== LISTED ENTRIES ==

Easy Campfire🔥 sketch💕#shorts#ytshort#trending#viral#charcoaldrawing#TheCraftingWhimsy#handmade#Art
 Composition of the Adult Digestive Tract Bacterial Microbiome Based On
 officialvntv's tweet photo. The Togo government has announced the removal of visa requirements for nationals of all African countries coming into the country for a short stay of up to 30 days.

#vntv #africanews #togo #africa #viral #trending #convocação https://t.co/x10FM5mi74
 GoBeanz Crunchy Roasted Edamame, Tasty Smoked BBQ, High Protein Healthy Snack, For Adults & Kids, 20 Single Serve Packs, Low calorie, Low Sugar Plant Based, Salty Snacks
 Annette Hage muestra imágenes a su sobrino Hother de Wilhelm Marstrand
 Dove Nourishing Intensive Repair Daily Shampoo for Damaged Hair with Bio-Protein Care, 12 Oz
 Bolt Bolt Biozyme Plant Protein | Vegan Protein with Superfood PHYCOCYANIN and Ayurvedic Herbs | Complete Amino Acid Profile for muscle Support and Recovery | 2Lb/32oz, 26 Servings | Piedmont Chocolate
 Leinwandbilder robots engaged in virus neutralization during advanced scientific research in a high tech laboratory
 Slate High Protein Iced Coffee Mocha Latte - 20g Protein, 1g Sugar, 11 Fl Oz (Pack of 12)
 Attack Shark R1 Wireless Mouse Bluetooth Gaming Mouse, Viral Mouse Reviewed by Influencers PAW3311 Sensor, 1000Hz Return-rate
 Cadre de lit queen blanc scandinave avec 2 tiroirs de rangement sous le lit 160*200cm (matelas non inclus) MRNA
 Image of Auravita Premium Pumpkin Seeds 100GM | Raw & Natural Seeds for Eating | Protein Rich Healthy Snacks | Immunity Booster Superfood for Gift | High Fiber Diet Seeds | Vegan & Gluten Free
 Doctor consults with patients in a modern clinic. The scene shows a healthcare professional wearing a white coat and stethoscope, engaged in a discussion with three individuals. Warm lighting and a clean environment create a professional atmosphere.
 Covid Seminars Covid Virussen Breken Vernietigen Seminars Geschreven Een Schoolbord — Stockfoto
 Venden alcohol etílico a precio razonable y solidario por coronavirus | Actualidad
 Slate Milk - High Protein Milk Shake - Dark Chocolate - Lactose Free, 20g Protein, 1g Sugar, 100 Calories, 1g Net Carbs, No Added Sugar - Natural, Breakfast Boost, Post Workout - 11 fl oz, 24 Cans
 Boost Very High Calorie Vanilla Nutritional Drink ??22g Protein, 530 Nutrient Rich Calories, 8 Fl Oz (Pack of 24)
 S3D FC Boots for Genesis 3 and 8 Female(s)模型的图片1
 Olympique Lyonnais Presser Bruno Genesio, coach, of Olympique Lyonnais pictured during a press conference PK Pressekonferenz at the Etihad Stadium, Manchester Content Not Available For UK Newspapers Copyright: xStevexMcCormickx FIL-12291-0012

===

*THE PROBLEM:* Output only the lines from the one that contains "Slate Milk - High" through the final line of the records, exactly as given.

*EXERCISE RESPONSE:*
 Slate Milk - High Protein Milk Shake - Dark Chocolate - Lactose Free, 20g Protein, 1g Sugar, 100 Calories, 1g Net Carbs, No Added Sugar - Natural, Breakfast Boost, Post Workout - 11 fl oz, 24 Cans
 Boost Very High Calorie Vanilla Nutritional Drink ??22g Protein, 530 Nutrient Rich Calories, 8 Fl Oz (Pack of 24)
 S3D FC Boots for Genesis 3 and 8 Female(s)模型的图片1
 Olympique Lyonnais Presser Bruno Genesio, coach, of Olympique Lyonnais pictured during a press conference PK Pressekonferenz at the Etihad Stadium, Manchester Content Not Available For UK Newspapers Copyright: xStevexMcCormickx FIL-12291-0012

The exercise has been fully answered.